# EM Algorithm

In [4]:
EM Algorithm

import matplotlib.pyplot as plt
import numpy as np

# Step 1: Load in data
# Values are space-separated and there are 100 lines in the file:
X = np.loadtxt('/datasets/t1cw-data/binarydigits.txt', dtype=int)
N, D = X.shape # Number of samples and number of variables
S = np.sum(X, axis=0) # Sum of ones per variable

# Step 2: Define the log-Bernoulli PDF
def log_bernoulli_pdf(X, P):
    # X: NxD data, P: KxD Bernoulli parameter matrix
    # Returns NxK log pdf matrix
    # Avoid log(0) by clipping P away from 0/1
    eps = 1e-8
    P = np.clip(P, eps, 1-eps)
    log_p = np.log(P)
    log_1mp = np.log(1-P)
    return (X @ log_p.T) + ((1-X) @ log_1mp.T) # NxK

# Step 3: EM Algorithm with weak symmetric priors
def em_map(X, K, max_iter=1000, tol=1e-4, alpha=1.01, beta=1.01, plot_trace=True, verbose=False): # Default values for alpha and beta are 1.01
    """
    MAP Estimation for a mixture of K multivariate Bernoullis using (alpha, beta) weak symmetric priors.
    alpha: prior for mixture proportions (Dirichlet),
    beta: prior for Bernoulli parameters (Beta for each dimension).
    """
    rng = np.random.default_rng() # Initialize random number generator
    alpha = alpha
    beta = beta
    # Initialize
    pi = np.ones(K) / K # Uniform prior for mixture proportions
    P = rng.uniform(0.25, 0.75, size=(K, D)) # Uniform prior for Bernoulli parameters
    log_trace = [] # Initialize log-trace to store log-posterior values

    for it in range(max_iter): # Iterate over max_iter
        # E-step: responsibilities as before
        log_prob = log_bernoulli_pdf(X, P) + np.log(pi) # Calculate log-posterior
        log_prob_max = np.max(log_prob, axis=1, keepdims=True) # Calculate log-posterior maximum
        prob = np.exp(log_prob - log_prob_max)
        gamma = prob / np.sum(prob, axis=1, keepdims=True) # Calculate responsibilities

        # M-step: Update parameters with priors
        Nk = np.sum(gamma, axis=0) # Effective counts
        N = np.sum(Nk) # Total number of samples
        N = N + 1e-12 # Avoid division by zero
        Nk = Nk + 1e-12 # Avoid division by zero

        # Dirichlet prior on pi: add (alpha-1) "pseudo-counts" to avoid log(0)
        pi = (Nk + (alpha - 1)) / (N + K * (alpha - 1)) # Update mixture proportions

        # Beta prior on Bernoulli parameters: each parameter beta[success, failure] = [beta, beta] to avoid log(0)
        P = (gamma.T @ X + (beta - 1)) / (Nk[:, None] + 2 * (beta - 1)) # Update Bernoulli parameters
        P = np.clip(P, 1e-6, 1-1e-6) # Clip Bernoulli parameters to avoid log(0)
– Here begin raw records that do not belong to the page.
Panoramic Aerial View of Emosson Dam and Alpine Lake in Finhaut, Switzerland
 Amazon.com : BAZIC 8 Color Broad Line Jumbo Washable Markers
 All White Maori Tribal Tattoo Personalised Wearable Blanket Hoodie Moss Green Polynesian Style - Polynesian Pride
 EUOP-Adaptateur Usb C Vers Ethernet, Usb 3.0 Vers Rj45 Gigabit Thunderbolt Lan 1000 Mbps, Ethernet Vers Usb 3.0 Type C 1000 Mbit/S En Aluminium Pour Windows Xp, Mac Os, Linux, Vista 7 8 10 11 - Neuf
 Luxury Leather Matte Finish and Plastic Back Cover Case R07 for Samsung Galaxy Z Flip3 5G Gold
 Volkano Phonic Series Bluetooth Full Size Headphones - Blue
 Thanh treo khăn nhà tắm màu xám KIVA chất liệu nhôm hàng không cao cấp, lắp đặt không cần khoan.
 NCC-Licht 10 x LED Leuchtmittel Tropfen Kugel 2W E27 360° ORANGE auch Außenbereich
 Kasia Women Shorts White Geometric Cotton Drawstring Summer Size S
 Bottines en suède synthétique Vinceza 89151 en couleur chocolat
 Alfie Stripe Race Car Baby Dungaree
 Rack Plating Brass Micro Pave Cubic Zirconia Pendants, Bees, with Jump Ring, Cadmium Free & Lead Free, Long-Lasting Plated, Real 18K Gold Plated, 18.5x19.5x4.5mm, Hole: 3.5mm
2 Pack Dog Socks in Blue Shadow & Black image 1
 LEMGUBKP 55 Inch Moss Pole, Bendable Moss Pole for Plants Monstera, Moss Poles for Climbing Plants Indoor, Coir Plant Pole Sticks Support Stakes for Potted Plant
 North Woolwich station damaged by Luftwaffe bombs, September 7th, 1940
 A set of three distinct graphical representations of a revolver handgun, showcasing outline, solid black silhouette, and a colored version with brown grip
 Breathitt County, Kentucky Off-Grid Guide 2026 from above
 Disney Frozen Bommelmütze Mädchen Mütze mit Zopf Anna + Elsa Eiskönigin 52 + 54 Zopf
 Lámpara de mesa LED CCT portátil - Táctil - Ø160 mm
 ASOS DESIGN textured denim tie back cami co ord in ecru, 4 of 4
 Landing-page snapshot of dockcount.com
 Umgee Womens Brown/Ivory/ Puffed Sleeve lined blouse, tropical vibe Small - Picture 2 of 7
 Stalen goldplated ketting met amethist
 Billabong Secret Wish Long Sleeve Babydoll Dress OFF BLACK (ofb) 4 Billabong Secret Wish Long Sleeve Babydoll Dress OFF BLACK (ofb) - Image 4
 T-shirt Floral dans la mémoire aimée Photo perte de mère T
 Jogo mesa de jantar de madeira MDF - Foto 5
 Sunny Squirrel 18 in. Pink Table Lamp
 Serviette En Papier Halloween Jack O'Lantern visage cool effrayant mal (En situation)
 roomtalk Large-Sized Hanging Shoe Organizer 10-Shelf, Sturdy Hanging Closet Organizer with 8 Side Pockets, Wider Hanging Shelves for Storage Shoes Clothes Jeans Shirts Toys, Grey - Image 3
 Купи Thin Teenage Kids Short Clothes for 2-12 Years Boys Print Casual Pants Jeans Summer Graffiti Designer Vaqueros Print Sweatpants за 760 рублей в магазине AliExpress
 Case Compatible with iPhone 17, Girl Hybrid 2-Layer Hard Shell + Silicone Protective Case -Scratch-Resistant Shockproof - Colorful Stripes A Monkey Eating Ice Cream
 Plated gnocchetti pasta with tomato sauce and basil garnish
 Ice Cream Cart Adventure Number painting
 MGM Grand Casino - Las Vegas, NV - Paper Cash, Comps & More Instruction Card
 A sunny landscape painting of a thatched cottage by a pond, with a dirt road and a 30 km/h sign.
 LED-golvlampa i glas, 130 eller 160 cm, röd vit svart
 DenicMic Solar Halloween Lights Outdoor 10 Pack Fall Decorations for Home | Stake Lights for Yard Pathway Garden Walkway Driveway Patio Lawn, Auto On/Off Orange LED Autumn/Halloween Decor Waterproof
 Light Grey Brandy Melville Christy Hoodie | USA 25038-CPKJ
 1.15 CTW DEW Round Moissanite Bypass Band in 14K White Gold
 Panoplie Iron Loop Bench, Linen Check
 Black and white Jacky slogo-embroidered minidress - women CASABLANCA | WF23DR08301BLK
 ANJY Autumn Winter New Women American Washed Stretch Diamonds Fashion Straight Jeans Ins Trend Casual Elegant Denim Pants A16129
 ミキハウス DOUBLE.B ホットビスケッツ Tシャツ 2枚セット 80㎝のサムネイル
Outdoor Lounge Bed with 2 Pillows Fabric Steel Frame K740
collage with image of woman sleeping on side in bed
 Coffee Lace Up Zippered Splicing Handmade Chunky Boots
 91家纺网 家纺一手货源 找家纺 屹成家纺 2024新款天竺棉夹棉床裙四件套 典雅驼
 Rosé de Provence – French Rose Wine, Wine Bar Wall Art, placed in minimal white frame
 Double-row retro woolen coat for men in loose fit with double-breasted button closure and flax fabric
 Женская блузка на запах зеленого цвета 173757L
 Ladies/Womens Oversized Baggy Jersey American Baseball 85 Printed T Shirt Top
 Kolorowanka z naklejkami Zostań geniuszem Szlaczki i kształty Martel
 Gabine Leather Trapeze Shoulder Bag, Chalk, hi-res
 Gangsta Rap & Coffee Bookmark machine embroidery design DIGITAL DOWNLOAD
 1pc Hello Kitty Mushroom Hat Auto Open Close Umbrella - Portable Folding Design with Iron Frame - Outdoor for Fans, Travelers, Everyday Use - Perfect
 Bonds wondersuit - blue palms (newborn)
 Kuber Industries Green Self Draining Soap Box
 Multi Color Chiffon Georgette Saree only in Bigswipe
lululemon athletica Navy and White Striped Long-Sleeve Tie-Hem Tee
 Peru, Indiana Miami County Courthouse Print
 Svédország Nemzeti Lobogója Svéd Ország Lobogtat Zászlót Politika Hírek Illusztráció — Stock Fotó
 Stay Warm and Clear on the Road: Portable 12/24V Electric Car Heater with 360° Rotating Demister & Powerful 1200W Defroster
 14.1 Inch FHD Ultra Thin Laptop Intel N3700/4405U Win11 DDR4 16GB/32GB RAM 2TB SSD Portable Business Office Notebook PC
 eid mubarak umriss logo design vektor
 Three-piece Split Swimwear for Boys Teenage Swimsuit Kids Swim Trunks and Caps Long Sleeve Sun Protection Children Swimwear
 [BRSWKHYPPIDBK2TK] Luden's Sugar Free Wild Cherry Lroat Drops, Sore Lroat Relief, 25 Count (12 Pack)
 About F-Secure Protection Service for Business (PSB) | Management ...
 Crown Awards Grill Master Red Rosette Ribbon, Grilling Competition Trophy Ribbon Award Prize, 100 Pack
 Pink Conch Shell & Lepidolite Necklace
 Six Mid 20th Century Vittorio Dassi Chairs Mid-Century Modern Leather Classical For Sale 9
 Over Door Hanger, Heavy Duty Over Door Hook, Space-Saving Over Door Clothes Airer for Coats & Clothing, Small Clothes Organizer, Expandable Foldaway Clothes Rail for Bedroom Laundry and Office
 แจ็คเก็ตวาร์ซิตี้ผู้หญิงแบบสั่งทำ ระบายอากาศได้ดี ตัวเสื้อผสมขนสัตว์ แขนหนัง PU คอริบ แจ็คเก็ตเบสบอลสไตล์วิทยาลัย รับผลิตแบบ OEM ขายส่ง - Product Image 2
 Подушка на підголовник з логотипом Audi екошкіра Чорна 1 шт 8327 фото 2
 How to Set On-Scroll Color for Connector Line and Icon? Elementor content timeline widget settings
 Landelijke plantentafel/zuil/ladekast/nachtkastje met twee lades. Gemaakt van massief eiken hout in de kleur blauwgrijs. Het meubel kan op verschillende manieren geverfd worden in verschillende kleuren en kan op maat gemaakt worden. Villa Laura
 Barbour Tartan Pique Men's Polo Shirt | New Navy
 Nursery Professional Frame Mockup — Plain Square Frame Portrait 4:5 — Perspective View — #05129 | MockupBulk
        # Log-posterior tracking
        log_prior_pi = (alpha - 1) * np.sum(np.log(pi+1e-16)) # Add (alpha-1) "pseudo-counts" to avoid log(0)
        log_prior_P = (beta - 1) * np.sum(np.log(P+1e-16) + np.log(1-P+1e-16)) # Add (beta-1) "pseudo-counts" to avoid log(0)
        loglike = np.sum(np.log(np.sum(np.exp(log_bernoulli_pdf(X, P) + np.log(pi)), axis=1))) # Calculate log-likelihood
        log_trace.append(loglike + log_prior_pi + log_prior_P) # Append log-posterior to log-trace
        if it > 1 and np.abs(log_trace[-1] - log_trace[-2]) < tol: # Check if log-posterior has converged
            break # Break if log-posterior has converged
        if verbose:
            print(f"Iter {it}: log-posterior = {log_trace[-1]:.2f}")

    # Step 4: Plot log-trace
    if plot_trace:
        plt.plot(log_trace, marker='o') # Plot log-trace
        plt.title(f"EM Log-Posterior Trace, K={K}")
        plt.xlabel("Iteration")
        plt.ylabel("Log-Posterior")
        plt.show()

    return loglike, pi, P, log_trace # Return log-likelihood, final mixture proportions, Bernoulli parameters, and log-trace

def estimated_model_bits(K, D, bits_per_float=32):
    """
    Estimate the bits needed to encode the K-component mixture of D-dimensional Bernoullis.
    bits_per_float can be 32 (single) or 64 (double).
    """
    # Mixture weights: K-1 independent parameters (last is 1-sum)
    header_bits = (K - 1) * bits_per_float
    # Bernoulli parameters: K * D parameters
    param_bits = K * D * bits_per_float
    model_bits = header_bits + param_bits
    return model_bits

# Step 5: Run EM Algorithm for different values of K
Ks = [2, 3, 4, 7, 10]
for K in Ks:
     loglike, pi, P, log_trace = em_map(X, K, max_iter=100, plot_trace=True) # Plot trace is True by default
     print(f"\nK={K}, Final mixing proportions: {pi}") # Print final mixing proportions
     print(f"Final Bernoulli parameters (first 3 components):\n{P[:3]}") # Print final Bernoulli parameters


# Log-likelihoods nats to bits

## Gzip

In [6]:
# Bit-packing txt data for proper gziping
# Ensure data is a numpy array of type uint8 [0, 1]
data = np.loadtxt('/datasets/t1cw-data/binarydigits.txt', dtype=int)
makebin = data.astype(np.uint8).flatten()  # Flatten so all binary digits are in one long vector
# Pack bits: every 8 bits become one byte
packed = np.packbits(makebin)
packed.tofile('binarydigits_packed.raw')

# Raw binary conversion for second Gzip option
# Load .txt data (assume each row is whitespace-separated digits)
txt = np.loadtxt('/datasets/t1cw-data/binarydigits.txt', dtype=int)
# Convert to uint8 (0/1)
bin = txt.astype(np.uint8)
# Save as raw binary (no separators, just N*D bytes)
bin.tofile('binarydigits_bin.raw')

## Compare model costs

In [8]:
import os
import gzip # Import gzip module for compression
import numpy as np # Import numpy for array operations
import matplotlib.pyplot as plt # Import matplotlib for plotting

# Calulate model costs and compare with naive encoding and Gzip compression (2
# types, bit-packed and standard raw binary).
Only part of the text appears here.